Hi, @Kismuz , I am planning to take a deeper look into the GPS/imitation learning approach. Could you pls kindly share some experience with that? Does this direction show any good potential for the trading task? Thank you so much!

Kismuz commented 6 years ago

@mysl, My implementation of GPS is quite simple, code can be found at btgym.research.gps; notebook: examples/guided_a3c.ipynb; First, there is very simple Oracle class: for a backtesting training episode we know data in advance so we can estimate optimal trading strategy. It is bit complex because we need solve optimisation task taking in account all broker and account conditions. Instead I implemented 'advisor' indicating is it either time to buy, hold or sell.
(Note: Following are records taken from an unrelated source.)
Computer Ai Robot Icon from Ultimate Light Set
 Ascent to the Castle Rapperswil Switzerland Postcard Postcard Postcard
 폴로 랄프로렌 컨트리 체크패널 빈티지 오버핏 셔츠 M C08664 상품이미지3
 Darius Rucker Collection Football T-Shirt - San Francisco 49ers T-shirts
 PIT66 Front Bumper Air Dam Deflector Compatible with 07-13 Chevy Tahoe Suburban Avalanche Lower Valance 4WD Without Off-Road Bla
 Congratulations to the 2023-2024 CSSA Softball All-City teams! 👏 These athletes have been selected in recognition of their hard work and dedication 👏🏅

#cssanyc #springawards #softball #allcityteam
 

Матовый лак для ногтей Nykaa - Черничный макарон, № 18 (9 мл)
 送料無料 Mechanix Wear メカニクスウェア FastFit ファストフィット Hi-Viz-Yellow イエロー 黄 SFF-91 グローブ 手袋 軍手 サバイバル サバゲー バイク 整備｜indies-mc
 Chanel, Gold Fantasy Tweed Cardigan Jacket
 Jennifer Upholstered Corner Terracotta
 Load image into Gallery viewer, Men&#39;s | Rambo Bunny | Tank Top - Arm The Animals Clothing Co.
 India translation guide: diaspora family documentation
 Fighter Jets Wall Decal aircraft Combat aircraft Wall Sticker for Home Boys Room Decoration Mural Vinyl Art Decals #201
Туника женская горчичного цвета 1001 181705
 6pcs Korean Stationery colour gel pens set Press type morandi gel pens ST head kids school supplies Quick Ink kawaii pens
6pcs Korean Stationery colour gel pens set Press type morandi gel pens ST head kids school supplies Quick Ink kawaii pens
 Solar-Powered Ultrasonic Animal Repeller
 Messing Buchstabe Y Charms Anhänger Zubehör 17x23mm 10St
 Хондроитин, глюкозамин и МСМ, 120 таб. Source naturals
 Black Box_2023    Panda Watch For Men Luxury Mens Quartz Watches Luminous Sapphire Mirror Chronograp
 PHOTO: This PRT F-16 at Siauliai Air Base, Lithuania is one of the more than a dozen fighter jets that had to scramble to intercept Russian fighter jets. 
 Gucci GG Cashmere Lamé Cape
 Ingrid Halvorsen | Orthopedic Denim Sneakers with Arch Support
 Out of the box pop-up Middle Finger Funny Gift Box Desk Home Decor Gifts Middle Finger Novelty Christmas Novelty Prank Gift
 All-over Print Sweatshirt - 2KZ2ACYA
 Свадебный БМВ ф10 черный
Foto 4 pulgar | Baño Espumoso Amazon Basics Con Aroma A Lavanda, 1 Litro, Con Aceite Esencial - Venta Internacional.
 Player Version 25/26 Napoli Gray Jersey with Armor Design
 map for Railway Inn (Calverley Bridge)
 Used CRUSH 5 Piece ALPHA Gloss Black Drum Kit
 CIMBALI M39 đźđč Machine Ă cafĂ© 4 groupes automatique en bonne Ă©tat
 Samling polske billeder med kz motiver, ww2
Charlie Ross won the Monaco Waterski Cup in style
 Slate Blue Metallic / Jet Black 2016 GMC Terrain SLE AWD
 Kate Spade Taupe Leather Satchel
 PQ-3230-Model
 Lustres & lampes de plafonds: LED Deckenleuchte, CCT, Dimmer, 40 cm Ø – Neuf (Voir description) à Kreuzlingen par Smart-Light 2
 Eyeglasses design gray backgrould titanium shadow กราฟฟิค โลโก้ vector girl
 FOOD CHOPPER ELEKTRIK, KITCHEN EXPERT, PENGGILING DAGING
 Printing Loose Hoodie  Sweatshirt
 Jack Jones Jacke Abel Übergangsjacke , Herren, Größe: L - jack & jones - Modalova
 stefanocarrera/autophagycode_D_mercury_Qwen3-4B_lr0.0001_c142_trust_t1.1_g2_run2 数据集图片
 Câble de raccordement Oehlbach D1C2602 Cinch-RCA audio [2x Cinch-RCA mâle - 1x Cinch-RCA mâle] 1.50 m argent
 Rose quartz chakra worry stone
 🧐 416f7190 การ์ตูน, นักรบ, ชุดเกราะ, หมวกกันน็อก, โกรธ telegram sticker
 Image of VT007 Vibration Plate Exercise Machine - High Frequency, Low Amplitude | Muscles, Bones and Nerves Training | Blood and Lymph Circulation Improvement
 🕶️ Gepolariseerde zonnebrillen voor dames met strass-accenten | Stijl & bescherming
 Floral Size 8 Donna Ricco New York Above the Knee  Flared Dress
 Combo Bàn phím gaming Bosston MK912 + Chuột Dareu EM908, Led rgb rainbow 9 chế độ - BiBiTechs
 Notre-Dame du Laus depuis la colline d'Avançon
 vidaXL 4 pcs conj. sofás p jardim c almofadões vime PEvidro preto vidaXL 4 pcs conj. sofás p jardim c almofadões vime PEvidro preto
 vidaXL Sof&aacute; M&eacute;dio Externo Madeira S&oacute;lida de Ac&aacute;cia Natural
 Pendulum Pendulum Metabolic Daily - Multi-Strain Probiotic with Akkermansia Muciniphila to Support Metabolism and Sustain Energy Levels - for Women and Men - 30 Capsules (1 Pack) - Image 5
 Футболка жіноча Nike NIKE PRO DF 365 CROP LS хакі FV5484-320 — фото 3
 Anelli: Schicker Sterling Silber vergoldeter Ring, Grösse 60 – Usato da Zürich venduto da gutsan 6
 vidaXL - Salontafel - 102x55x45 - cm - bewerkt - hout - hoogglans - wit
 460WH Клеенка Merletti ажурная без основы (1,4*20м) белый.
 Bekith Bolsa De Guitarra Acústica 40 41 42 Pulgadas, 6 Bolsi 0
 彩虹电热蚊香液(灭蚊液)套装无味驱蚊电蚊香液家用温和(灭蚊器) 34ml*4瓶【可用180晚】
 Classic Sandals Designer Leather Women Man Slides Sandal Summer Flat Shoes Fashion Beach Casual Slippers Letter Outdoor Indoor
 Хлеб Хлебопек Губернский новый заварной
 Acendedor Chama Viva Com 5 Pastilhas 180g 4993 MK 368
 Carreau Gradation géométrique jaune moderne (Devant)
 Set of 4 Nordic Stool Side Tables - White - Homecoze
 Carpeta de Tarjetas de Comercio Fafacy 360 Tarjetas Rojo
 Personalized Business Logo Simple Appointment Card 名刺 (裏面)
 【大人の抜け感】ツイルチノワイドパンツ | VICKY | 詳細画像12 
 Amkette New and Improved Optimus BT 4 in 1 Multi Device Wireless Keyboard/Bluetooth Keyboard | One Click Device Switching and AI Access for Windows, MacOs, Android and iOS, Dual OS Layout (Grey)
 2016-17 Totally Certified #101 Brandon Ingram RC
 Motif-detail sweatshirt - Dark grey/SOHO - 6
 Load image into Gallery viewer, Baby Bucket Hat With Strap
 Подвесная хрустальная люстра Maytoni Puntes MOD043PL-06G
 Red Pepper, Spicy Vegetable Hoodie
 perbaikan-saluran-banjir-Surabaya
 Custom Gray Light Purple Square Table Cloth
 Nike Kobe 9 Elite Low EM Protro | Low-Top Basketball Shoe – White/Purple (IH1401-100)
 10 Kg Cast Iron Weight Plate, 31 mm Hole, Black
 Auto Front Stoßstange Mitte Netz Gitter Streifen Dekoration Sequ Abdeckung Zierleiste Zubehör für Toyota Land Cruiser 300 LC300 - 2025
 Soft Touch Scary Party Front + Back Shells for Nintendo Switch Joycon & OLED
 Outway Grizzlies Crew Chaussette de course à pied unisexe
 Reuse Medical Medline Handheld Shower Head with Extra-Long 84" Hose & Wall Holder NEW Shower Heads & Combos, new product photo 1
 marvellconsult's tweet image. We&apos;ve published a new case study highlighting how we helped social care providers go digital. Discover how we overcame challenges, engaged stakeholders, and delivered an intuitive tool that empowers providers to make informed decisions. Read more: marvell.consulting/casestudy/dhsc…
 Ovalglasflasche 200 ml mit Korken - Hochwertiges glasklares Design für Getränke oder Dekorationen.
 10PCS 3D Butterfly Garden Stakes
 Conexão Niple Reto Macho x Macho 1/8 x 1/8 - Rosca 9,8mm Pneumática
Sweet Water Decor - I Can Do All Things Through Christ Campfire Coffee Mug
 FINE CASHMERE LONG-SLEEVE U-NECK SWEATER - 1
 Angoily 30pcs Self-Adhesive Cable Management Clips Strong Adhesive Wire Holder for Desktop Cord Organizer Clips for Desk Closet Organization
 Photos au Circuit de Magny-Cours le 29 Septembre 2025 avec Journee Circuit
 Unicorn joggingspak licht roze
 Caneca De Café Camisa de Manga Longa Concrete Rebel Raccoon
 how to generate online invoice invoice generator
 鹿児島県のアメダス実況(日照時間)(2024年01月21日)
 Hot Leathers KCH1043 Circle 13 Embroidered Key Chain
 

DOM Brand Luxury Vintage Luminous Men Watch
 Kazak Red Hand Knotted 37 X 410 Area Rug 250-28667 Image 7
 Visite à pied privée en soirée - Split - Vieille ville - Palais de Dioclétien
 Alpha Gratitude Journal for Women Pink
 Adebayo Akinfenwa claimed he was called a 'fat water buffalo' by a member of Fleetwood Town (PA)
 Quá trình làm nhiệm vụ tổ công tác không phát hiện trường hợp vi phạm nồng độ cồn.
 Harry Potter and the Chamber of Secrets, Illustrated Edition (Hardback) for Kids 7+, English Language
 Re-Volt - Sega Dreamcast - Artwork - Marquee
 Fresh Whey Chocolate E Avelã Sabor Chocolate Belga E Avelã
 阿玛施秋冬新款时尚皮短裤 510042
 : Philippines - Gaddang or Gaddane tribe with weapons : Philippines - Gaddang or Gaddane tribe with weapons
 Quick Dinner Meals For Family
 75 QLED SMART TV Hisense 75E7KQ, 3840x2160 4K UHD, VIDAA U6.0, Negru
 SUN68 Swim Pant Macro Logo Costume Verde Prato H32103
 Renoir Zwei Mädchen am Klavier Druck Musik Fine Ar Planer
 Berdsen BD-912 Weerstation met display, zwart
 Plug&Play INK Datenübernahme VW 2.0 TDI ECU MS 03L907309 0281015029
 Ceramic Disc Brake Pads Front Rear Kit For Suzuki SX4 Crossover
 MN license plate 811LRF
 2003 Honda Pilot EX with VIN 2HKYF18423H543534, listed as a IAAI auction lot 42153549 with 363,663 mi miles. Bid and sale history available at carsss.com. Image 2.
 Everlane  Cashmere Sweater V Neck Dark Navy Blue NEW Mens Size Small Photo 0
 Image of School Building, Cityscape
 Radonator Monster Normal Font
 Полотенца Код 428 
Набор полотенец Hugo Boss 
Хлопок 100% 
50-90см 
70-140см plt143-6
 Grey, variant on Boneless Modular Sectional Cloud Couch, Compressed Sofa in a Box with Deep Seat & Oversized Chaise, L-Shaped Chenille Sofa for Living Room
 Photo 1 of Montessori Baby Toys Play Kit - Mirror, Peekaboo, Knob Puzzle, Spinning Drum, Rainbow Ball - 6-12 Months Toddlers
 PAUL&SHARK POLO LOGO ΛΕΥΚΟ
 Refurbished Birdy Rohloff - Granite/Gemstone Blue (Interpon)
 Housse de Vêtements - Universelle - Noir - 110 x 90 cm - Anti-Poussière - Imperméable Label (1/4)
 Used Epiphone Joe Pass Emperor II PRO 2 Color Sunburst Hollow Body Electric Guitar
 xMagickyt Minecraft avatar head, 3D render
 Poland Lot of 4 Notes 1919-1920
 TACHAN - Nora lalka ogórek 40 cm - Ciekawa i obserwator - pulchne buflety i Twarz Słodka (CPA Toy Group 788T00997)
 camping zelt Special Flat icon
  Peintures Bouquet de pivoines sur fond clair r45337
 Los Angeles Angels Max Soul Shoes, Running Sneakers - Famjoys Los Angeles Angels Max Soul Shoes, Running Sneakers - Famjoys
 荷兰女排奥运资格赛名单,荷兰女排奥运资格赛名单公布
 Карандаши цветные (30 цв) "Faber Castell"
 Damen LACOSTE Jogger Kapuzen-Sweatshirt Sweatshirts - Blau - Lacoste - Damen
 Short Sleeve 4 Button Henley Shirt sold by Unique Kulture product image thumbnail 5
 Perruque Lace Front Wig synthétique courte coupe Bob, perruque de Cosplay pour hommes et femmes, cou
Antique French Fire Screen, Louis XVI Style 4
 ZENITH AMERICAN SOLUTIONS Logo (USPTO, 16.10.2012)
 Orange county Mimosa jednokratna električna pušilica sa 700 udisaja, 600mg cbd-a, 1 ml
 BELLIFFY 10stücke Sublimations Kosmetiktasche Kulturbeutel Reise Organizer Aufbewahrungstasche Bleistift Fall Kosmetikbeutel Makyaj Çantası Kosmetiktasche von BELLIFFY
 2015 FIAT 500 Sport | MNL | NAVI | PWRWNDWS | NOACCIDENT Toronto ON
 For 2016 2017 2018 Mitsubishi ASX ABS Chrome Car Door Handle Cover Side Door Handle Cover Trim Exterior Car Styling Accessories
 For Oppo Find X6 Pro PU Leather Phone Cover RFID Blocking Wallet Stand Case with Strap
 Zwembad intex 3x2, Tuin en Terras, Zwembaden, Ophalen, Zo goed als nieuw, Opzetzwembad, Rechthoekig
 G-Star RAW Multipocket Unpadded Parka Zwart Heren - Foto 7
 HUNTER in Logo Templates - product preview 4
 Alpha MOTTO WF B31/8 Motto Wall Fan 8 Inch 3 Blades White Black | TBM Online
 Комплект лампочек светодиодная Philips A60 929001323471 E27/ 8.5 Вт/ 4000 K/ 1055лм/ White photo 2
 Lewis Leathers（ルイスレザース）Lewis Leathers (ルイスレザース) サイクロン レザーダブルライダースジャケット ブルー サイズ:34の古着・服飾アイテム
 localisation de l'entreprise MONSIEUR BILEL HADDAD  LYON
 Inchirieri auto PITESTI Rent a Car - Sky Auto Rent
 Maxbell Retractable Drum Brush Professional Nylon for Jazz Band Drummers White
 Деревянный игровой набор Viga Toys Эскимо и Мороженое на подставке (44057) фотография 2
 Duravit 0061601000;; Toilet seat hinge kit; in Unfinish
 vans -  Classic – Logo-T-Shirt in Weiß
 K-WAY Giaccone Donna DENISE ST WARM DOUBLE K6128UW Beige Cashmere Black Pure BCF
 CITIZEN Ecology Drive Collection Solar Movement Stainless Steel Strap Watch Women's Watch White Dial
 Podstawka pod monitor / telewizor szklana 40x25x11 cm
It uses quite primitive algorithm: just estimates local price peaks and emits signal with some repetition. Those signals can be seen at episode rendering chart if ExpertObserver is added to strategy. So Oracle scans entire episode data just before episode starts, estimates advises and appends it to observation step-by-step. Next we need incorporate it to our loss. Oracle signals are actually encoded to action probabilities so we can compare it against those emitted by policy; I have found that it is sufficient to estimate loss only on buy and sell actions and omit the rest. And we just sum this loss with base A3C loss with some lambda weight to control the strength Oracle have over algorithm. The trick here is to find balance between guidance and actual learning. This approach works and it works well. Guided loss especially beneficial at early stages of learning when there is danger to stuck at local 'do nothing' solution. Guided loss effectively prevents that and almost doubles convergence speed. It could be annealed to zero at later stages as imperfect advices can prevent from finding optimal policy, especially with such primitive advisor as mine. I advice you to look at the code as it is very simple and play with notebook to get the feeling of GPS impact on training:

mysl commented 6 years ago

@Kismuz Thanks for the detail explanation. I will take a look based on your advice. Does this approach help on the generalization issue you mentioned?
BTW, it looks like the recent ICLR 2018 best paper is dealing with nonstationary environments. Maybe that could be helpful in trading context too?

mysl commented 6 years ago

https://arxiv.org/abs/1710.03641

Kismuz commented 6 years ago

One of my pillow-books now :)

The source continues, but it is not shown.